(RECORDS FOR THIS TASK)
━━━━━━━━

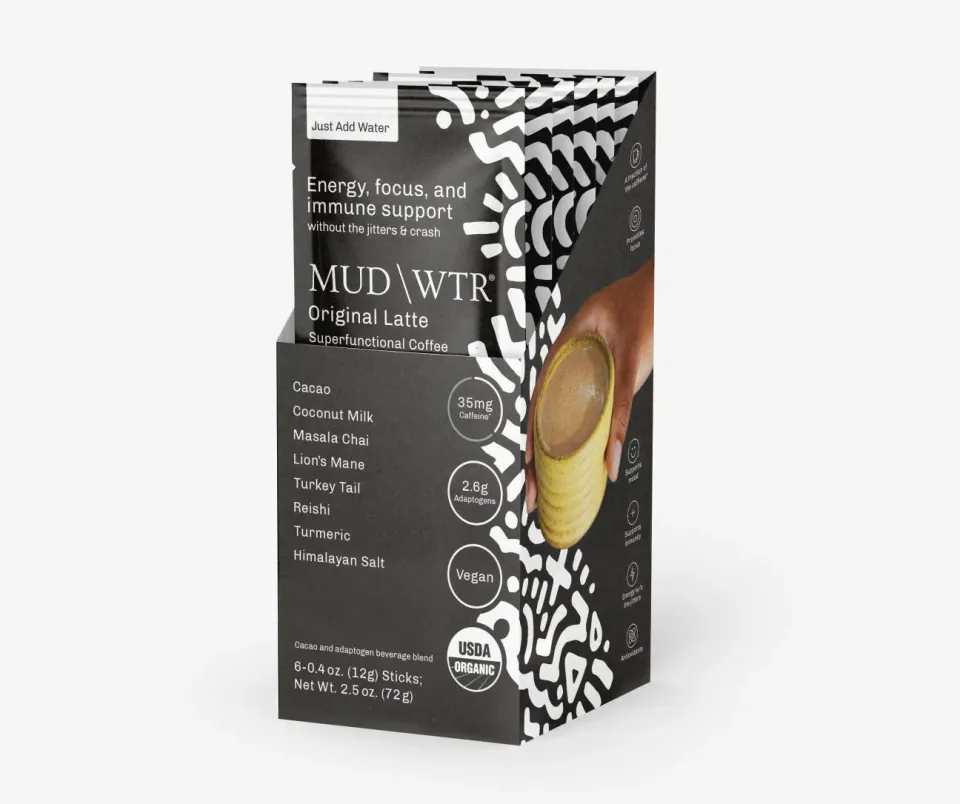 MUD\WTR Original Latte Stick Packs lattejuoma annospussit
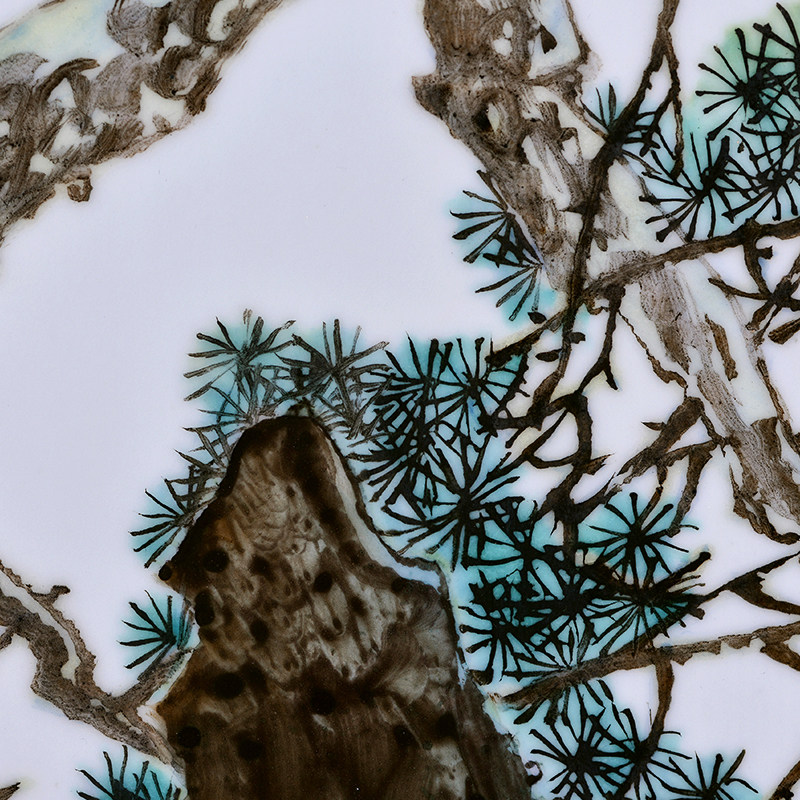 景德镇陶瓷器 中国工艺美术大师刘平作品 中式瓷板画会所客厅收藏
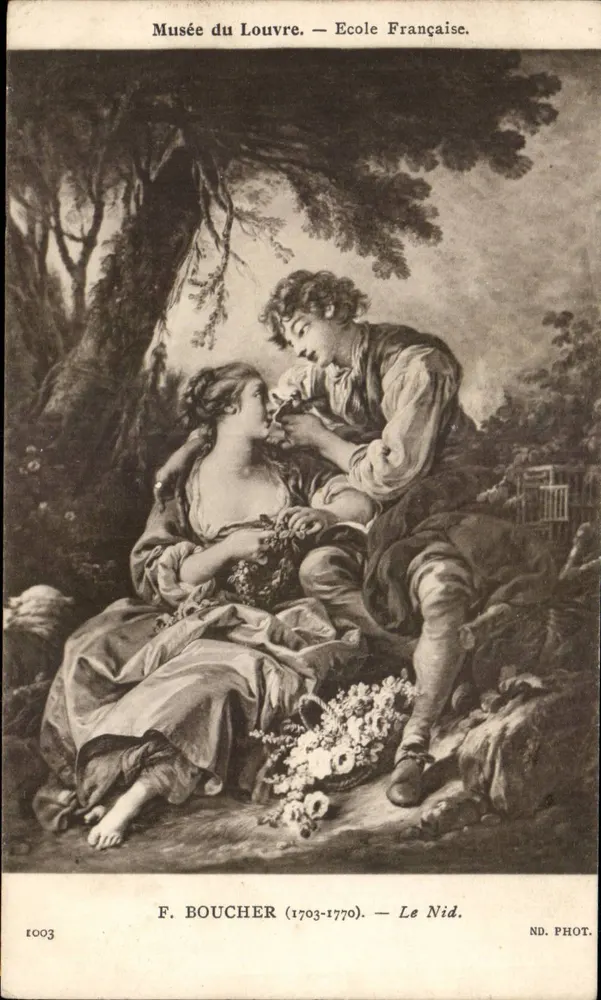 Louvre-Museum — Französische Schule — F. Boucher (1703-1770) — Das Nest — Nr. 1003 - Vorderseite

━━━━━━━━

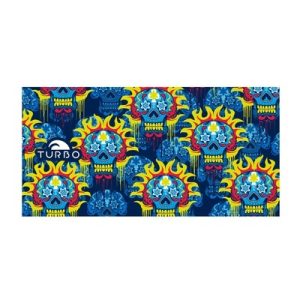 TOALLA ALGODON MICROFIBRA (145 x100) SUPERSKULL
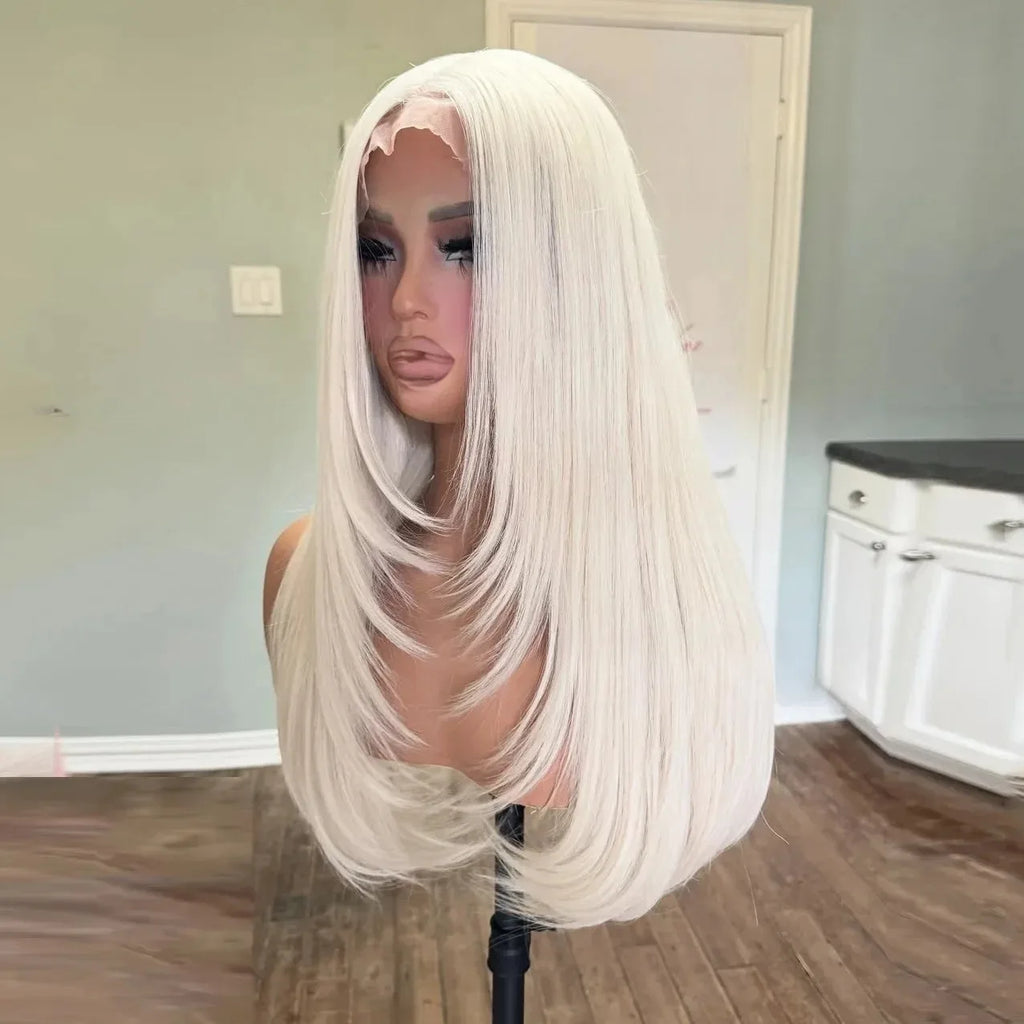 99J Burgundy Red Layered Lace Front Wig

━━━━━━━━

(YOUR OBJECTIVE)
Please set down, exactly and with no pictures, the lines in the entries above starting at the one holding "MUD\WTR Original Latte" and ending at the one holding "Louvre-Museum — Französische", ends included.

(ANSWER TO THE PROBLEM)
 MUD\WTR Original Latte Stick Packs lattejuoma annospussit
 景德镇陶瓷器 中国工艺美术大师刘平作品 中式瓷板画会所客厅收藏
 Louvre-Museum — Französische Schule — F. Boucher (1703-1770) — Das Nest — Nr. 1003 - Vorderseite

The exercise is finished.